Alors, c'est ce souci-là qui doit être fait. Parce que de deux choses l'une... Oublions l'exemple des infirmiers ou des infirmières. Dans un type d'emploi, de deux choses l'une: ou dans le bassin de personnes employables il y a des autochtones ou il n'y en n'a pas. S'il y en a, des personnes employables dans le milieu, le projet de loi, grosso modo, normalement va aller les chercher par les politiques des établissements. La seule chose qu'il faudrait renforcer sur ce plan, donc dans l'hypothèse a où il y a des personnes compétentes dans le bassin, il faudrait renforcer la ligne «information» ou la ligne «politique de recrutement». On pourrait s'articuler... par exemple article 13, alinéa 1 ou 6, il y a de la prise pour ça. Mais je connais la compétence des légistes du gouvernement, la méthode, je vous la laisse.

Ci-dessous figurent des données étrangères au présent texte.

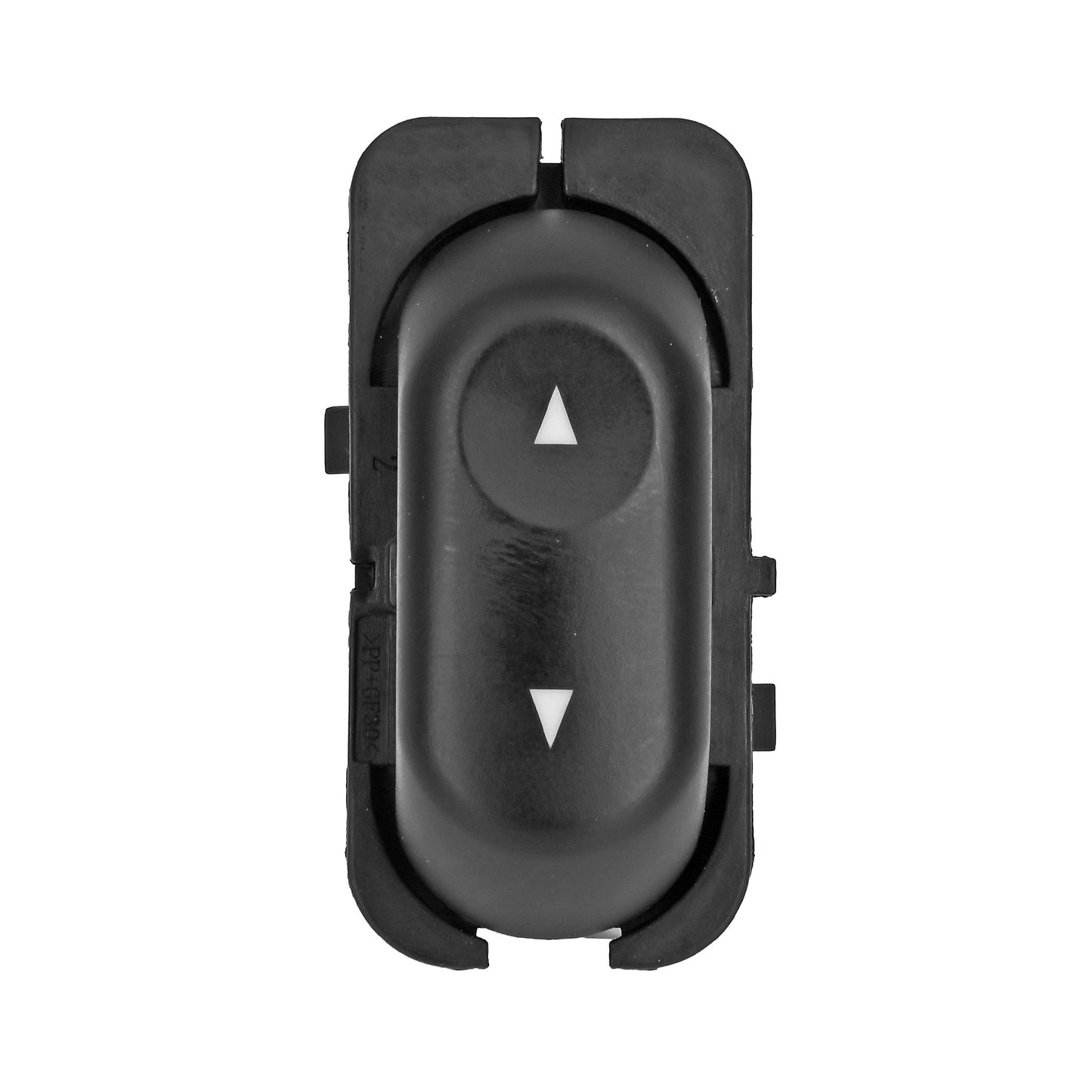 Control Electrico Para Ford Windstar 2001-2003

Dans la deuxième hypothèse, c'est: il n'y a pas de personne compétente dans le bassin. Donc, dans cette deuxième hypothèse, il y a deux mesures possibles. Première mesure possible: élargir le bassin. Ça donne suite à ce que ma collègue a dit. Alors, si on est au CLSC de Gaspé et que notre zone habituelle de recrutement, elle est, dans l'hypothèse, une région administrative x, je ne connais pas les numéros par coeur, peut-être qu'une des premières choses à envisager ce serait d'élargir le bassin de recrutement, peut-être en ajoutant un alinéa à l'article 13 qui prévoie qu'un programme d'accès à l'égalité pourrait inclure... mentionner qu'il faut envisager d'élargir la zone de recrutement.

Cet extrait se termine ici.